The 19" television in DeBedroom is slowly dying. It was purchased in 1991 and isn’t long for this world. We’ve lost all bottom-screen-tickers and all the actors get chopped off mid-forehead. So, DeHusband has declared that we are buying (each other) a television for Christmas. I have declared that it will between 20" and 30" - It has to fit on one half of a big dresser. Oh, and it has to be CRT.**
Here’s the problem: Do we get a regular TV or an HDTV? Which is better? If we get HDTV (or HD-Ready) do we get 4:3 (normal) or 16:9 (widescreen)? Do the widescreens just stretch normal broadcast or what? We have regular cable but watch a lot of widescreen DVDs. Does it matter? Any help would be greatly appreciated. (Also, what stores are good to buy from?) Thanks!!
** No flat panels because to get the clock at the right height to see while lying in bed, the clock has to sit on the TiVO box which sits on the DVD/VCR that’s on top of the TV. Don’t question it. DeHusband has a long, LONG explanation and frankly I don’t want to hear it again.
There are EDTV’s and HDTV’s and if you got a plasma, they are pretty much the same thing. EDTV is perfect for someone who watches lots of DVDs - they are pretty much designed for DVDs. The wide screen tv’s 16:9 is ideal. Once you see that, you will never go back.
As far as HDTV, I just bought a plasma tv last weekend, got the HD DVR box from my local rip-off Cox Cable and the HDTV certainly does have the “wow” factor. That is the good news. The bad news is that HDTV is still a new technology and there ain’t a whole lot to chose from. Yes, ABC, CBS, NBC, Fox and PBS all have HD channels, but not all of the shows on that channel are in HD. Showtime, HBO and Starz also has one channel each. The shows that are on HD, well…again, WOW. But is it worth it to buy now? That’s what I meant with the first word - depends.
At some point, all tv’s are going digital. Federal regulation. And at some point, especially now that plasmas are coming down in price big time, more and more people will have HDTV sets and want to see shows in HD. I don’t know if you are old enough to remember the first few shows in color. Pretty much Bonanza and a few football games. Suddenly more and more people bought color sets and the rest is history.
I think your biggest problem is space. Those 16:9 tv’s take quite a bit of space, and what is the point of getting HD if you are looking at a postage stamp size screen. If you settle on a regular tv, be prepared to buy a digital converter box sometime soon as the channels start to convert. On the other hand, if you wait, the prices of the HDTV’s will be coming down quickly.

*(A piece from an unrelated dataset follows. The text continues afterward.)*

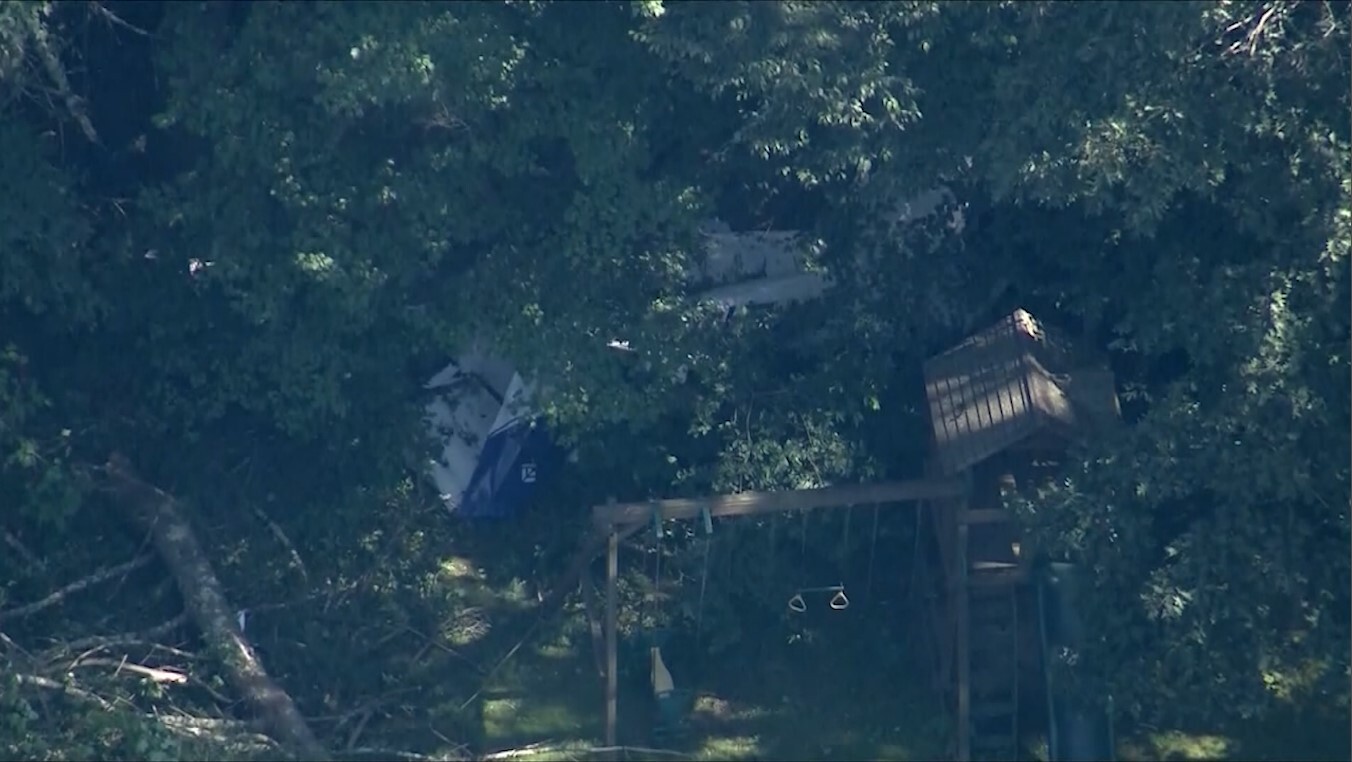 3 injured after small plane crashes into Massachusetts neighborhood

Sorry if that is all a lot of rambling, but I did so much research before buying my plasma, and getting the HD DVR, I am still dizzy from all the conflicting info out there. At any rate, I really like my system and am looking forward to more HDTV programming.
NYSC broadcasts will cease in 2006, at which point everyone will either need an HDTV set, or a converter box to use their current NTSC sets. So, we’ve got just over a year.

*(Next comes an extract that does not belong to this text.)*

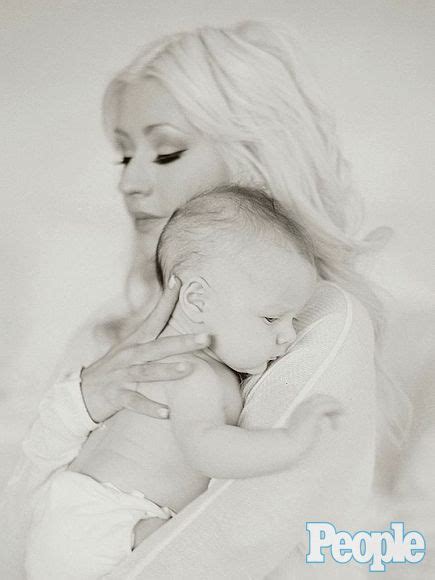 Christina Aguilera Baby Summer Rain Rutler Photos Christina Aguilera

NYSC broadcasts will cease in 2006, at which point all the people who were not aware, cannot afford, or were too cheap to buy a HDTV converter will make a lot of noise about their TVs “suddenly” not working.
NYSC broadcasts will resume in late 2006.
We’ve got an indefinite amount of time.
Make sure you’re getting a HDTV reciever. Some TVs are billed as “HDTV ready”, in which case they can display HDTV content, but have no means of actually acquiring HDTV content on their own. Meaning you have to buy a seperate HDTV reciever to hook up to your “HDTV Ready” television to actually watch HDTV.
The people that bought an “HDTV Ready” televisions and never realized they weren’t watching HDTV will be especially amused when their TVs stop working in 2006.
That said, I was at a restaurant not too long ago and they had a HDTV football game on in a big plasma screen. I’d been skeptical about it for a while, but I was really impressed with the picture. You could see individual blades of grass, whereas normally they’re just playing on a mottled green surface. It had big black bars on either side of the picture… kind of like widescrren letterboxing in reverse, but I think that’s user configurable if you would rather have the picture stretched to fit.
HDTV is here to stay, but it’s still riding the bleeding edge of technology. What’s really driving the demand for HDTV is large screen televisions - most people cannot resolve difference between a 30" HDTV and regular television from a distance of about 10ft - the average distance in a family room. But as TV’s have gotten bigger, and flaws in standard TV images started to get noticed, the demand for HDTV grew.
The problem is that rear projection TV’s are bleemin’ big. They can take up a good chunk of a living room. This, plus their weight and difficulty to move around has limited their market penetration, although that’s growing fast.
As soon as LCD/Plasma technology gets to the point where the average person can afford a big screen even in a small room, sales will explode, and the demand for HDTV content will grow fast.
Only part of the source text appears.